再回到RCAN函数中,经过n_resgroups个ResidualGroup后,再紧接着一个卷积层。至此body函数就结束了,然后再与原始的x相加,RIR函数就结束了。
接着是tail函数,调用另一个文件下的upsample函数:
class Upsampler(nn.Sequential):
def __init__(self, conv, scale, n_feat, bn=False, act=False, bias=True):
m = []
if (scale & (scale - 1)) == 0: # Is scale = 2^n?
for _ in range(int(math.log(scale, 2))):
m.append(conv(n_feat, 4 * n_feat, 3, bias))
m.append(nn.PixelShuffle(2))
if bn: m.append(nn.BatchNorm2d(n_feat))
if act: m.append(act())
elif scale == 3:
m.append(conv(n_feat, 9 * n_feat, 3, bias))

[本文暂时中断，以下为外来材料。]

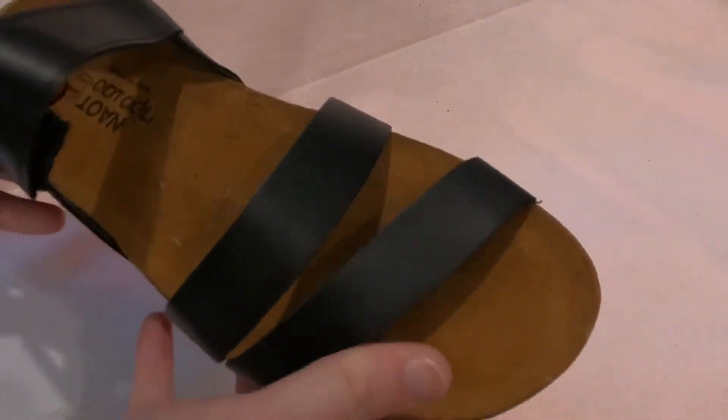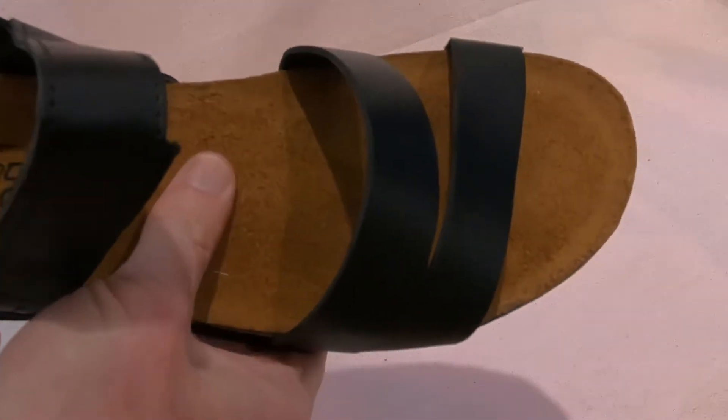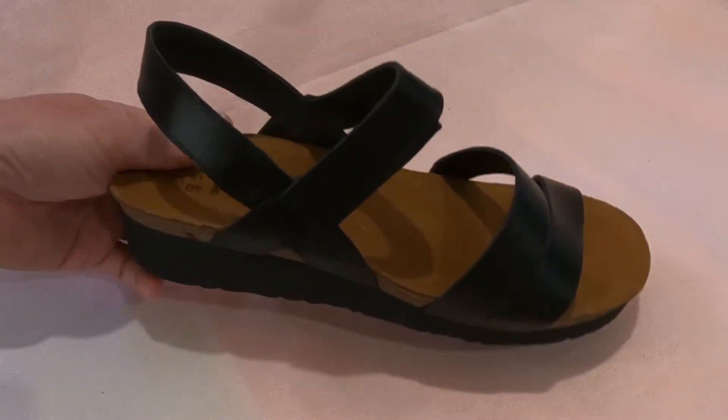It features the NAOT cork and latex footbed which is wrapped in suede, so you won't get any issues with any latex intolerance there. Here's a good look at the sole — a good solid sole on this one as well. A very comfortable sandal.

m.append(nn.PixelShuffle(3))
if bn: m.append(nn.BatchNorm2d(n_feat))
if act: m.append(act())
else:
raise NotImplementedError
super(Upsampler, self).__init__(*m)
Upsampler返回的是一个序列,其中scale=4,那么4&3==0为true,执行第一个,接着int(math.log(scale, 2)),执行log以2为底4的对数,结果为2,则循环执行两次,往m列表里面添加两个卷积,pixelshuffle,bn,act,返回m,至此Upsampler结束。回到RCAN中,tail函数后面再加一个卷积。self.tail函数结束。
最后再经过一个self.add_mean = common.MeanShift(args.rgb_range, rgb_mean, rgb_std, 1)函数。则整个RCAN函数结束。后面是加载权重就不看了。